2.2. Particle trajectory

Because of the small sizes of studied particles (i.e., negligible particle inertia effect), the motion of non-diffusive particles in a DMC was assumed to follow the flow and electrical fields (i.e., negligible particle inertial effect), the trajectory of a singly-charged particle in a DMC was thus computed via Equation (1): (1a) $$x_{(t+1)}=x_{\left(t\right)}+{\int }_t^{t+\mathit{dt}}\mathit{udt}+Z_p{E}_x$$(1a) (1b) $$y_{(t+1)}=y_{\left(t\right)}+{\int }_t^{t+\mathit{dt}}\mathit{vdt}+Z_p{E}_y$$(1b) (1c) $$z_{(t+1)}=z_{\left(t\right)}+{\int }_t^{t+\mathit{dt}}\mathit{wdt}+Z_p{E}_Z$$(1c) where $x_{\left(t\right)},y_{\left(t\right)},z_{\left(t\right)}$are the initial particle location; $x_{(t+1)},y_{(t+1)},z_{(t+1)}$ are the location of the particle after Δt time; u, v, w: are the three velocity component in the x, y, z coordinates respectively where y is the axial direction of particle traveling distance; Z_p is particle mobility and $E_x, E_y, \mathrm{and} E_Z$ are the electrical field in x, y, and z coordinates. The initial velocity of particle released at the particle inlet was assumed the same as the flow velocity at the same location.

The modeling of diffusive particle motion was done by the Monte Carlo method (Hagwood, Sivathanu, and Mulholland 1999). The additional random displacement terms, $g\left(\sqrt{{\sigma }_{\mathrm{i}}^2}\right),$ where i = x, y, and z, are included in Equation (1)(1a) $$x_{(t+1)}=x_{\left(t\right)}+{\int }_t^{t+\mathit{dt}}\mathit{udt}+Z_p{E}_x$$(1a) . The random displacement was generated form the normal data distribution and its standard deviation of $\sigma$ is given as: (2) $${\sigma }_{\mathrm{i}}^2=2D\Delta t$$(2) where i is the Cartesian coordinates (x, y, z); D is the particle diffusivity and $\Delta t$ is the time step; and g is the random generator function.

2.3. For the DMA transfer function

The performance of a DMC is characterized by its transfer function, defined as the probability of a particle with a given electrical mobility $\left(Z_p\right)$ entering the DMC classification region and reaching the classified aerosol exit.
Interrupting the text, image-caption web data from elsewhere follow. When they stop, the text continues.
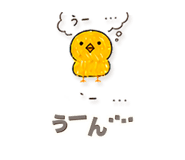 842831355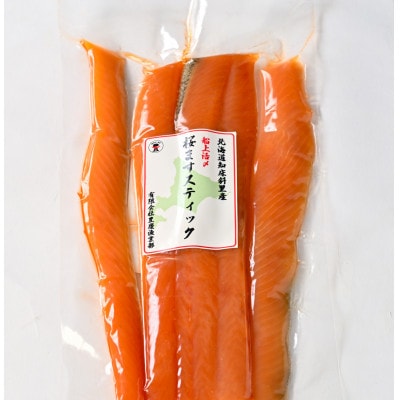 北海道知床斜里産　船上活〆　さくらますスティック　200g×1パック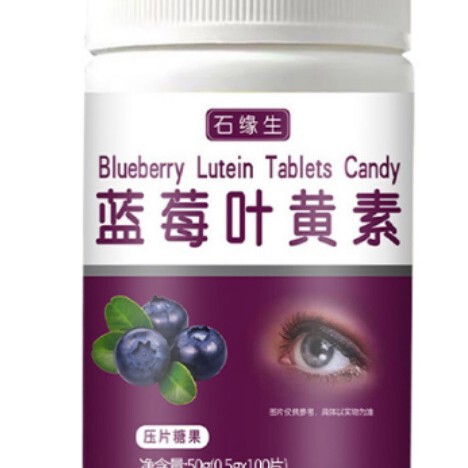 ブルーベリー葉黄素エステル圧片糖咀嚼片成人児童眼保護ビタミン圧片キャンディー葉黄素メーカー|undefined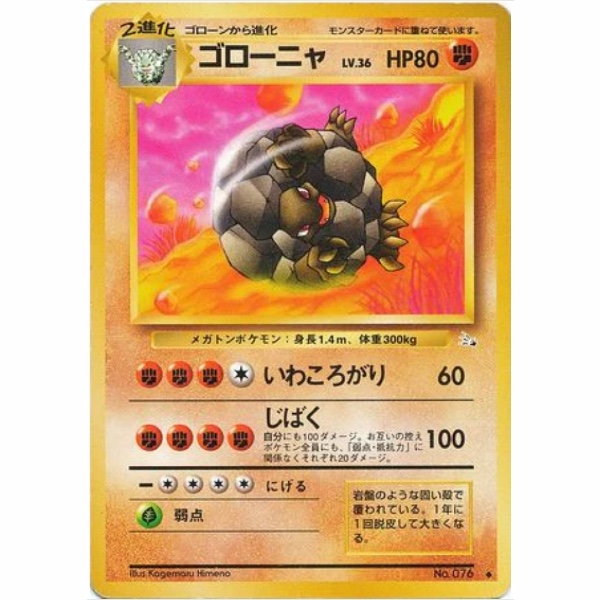 Pokemon Card - Fossil - 076 - Golem [✦]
The calculation of the transfer function of a DMC for singly charged particles of a given size was based on the particle flux. In the computation, the annular spacing for the particle entrance were partitioned into fine meshes distributed based on the meshing scheme suggested in the works of Masset, Brüls, and Kerschen (2011) and Beckers and Beckers (2012). For non-diffusive particles, a representative particle was released from the centroid of each mesh at the particle entrance. The trajectories of representative particles were calculated and their fates (i.e., either deposited in or transmitted through the classification channel) were recorded. With the assumption of uniform particle concentration at the particle entrance, the transfer function of a DMC was calculated as (3) $$\mathrm{\Omega }=\frac{{\sum }_1^n{p_{i}w}_i{A}_i}{{\sum }_1^n{w}_i{A}_i}$$(3) where $\mathrm{\Omega }$is the numerical transfer function of a DMC for singly charged particles of a given size; $n$ is the total number of particles released from the aerosol entrance; $w_i$ is the flow velocity at the released particle location;${ A}_i$ is the area of the mesh associated with the released particle, i, and $p_i$ is the probability of particles released from the mesh, i, and penetrating through the particle classification channel of a DMC. For non-diffusive particles, the value of $p_i$ is 1.0 if a representative particle released from the centroid of the mesh, i, was penetrating through the classification channel and is 0 if the particle were either deposited or carried out by excess flow. For diffusive particles, at least 100 particles were released from the mesh, i, to access the probability of a particle exiting the classification channel through the classified particle slit.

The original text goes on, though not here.